By default, if strings operating under byte semantics and strings with
Unicode character data are concatenated, the new string will be
created
by decoding the byte strings as ISO 8859-1 (Latin-1).
The encoding pragma changes this to use the specified encoding
instead.
For example:
use encoding 'utf8';
my $string = chr(20000); # a Unicode string
utf8::encode($string); # now it's a UTF-8 encoded byte string
# concatenate with another Unicode string
print length($string . chr(20000));
Will print 2, because $string is upgraded as UTF-8. Without "use
encoding 'utf8';", it will print 4 instead, since $string is three
octets when interpreted as Latin-1.
Right, but the effect should be lexical.
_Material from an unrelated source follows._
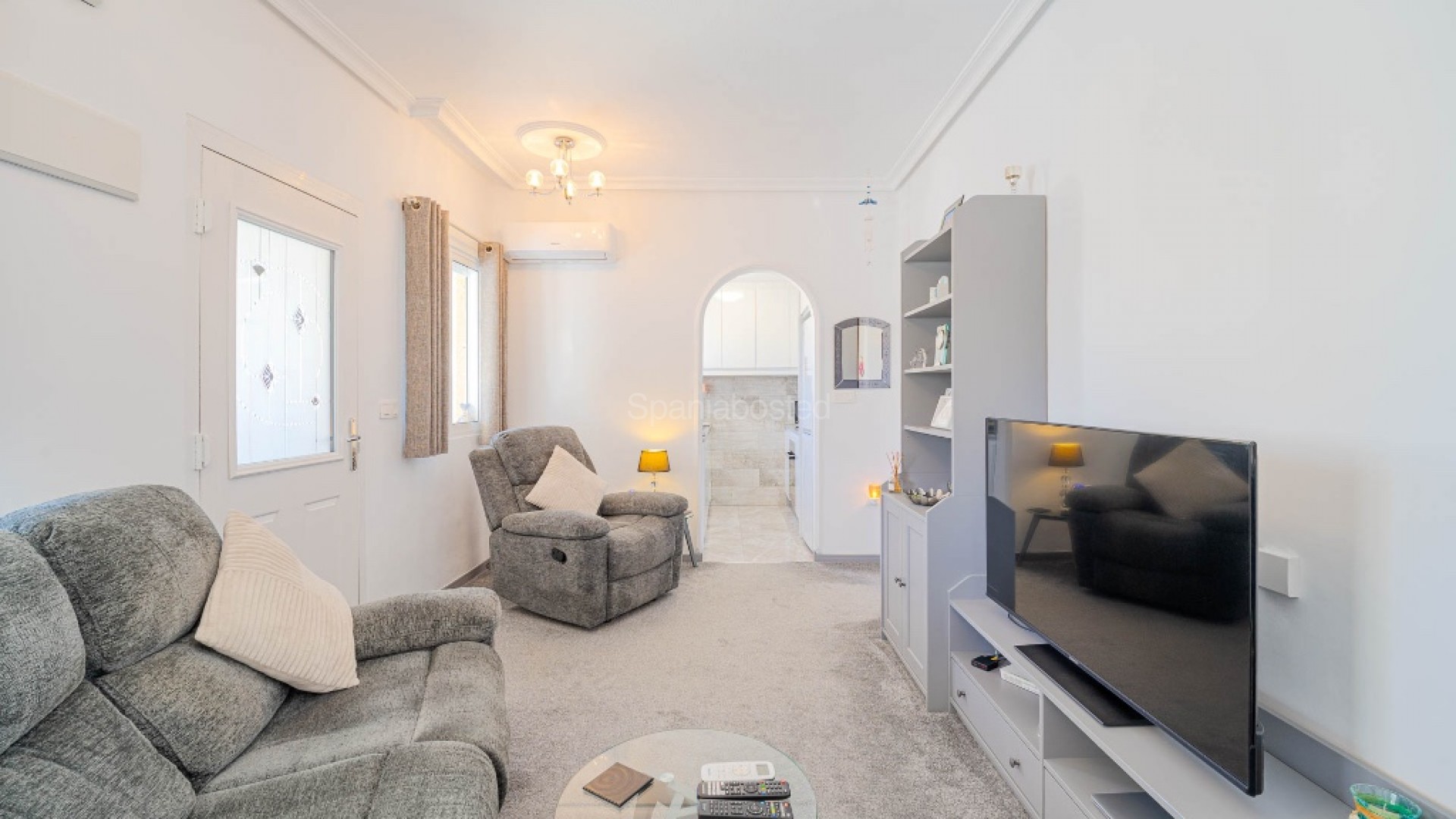 Resale - Villa -
Orihuela Costa - Los Altos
So other than strings that
are upgraded as utf-8 being passed through to Net::LDAP as arguments,
it should have no effect. And Net::LDAP should already handle UTF-8
strings ok. But maybe there is one place that has been missed.
What I don't get is that the issue arises as a decode issue and all
strings that are fed into the decode come from the socket and should
not have this issue.
Graham.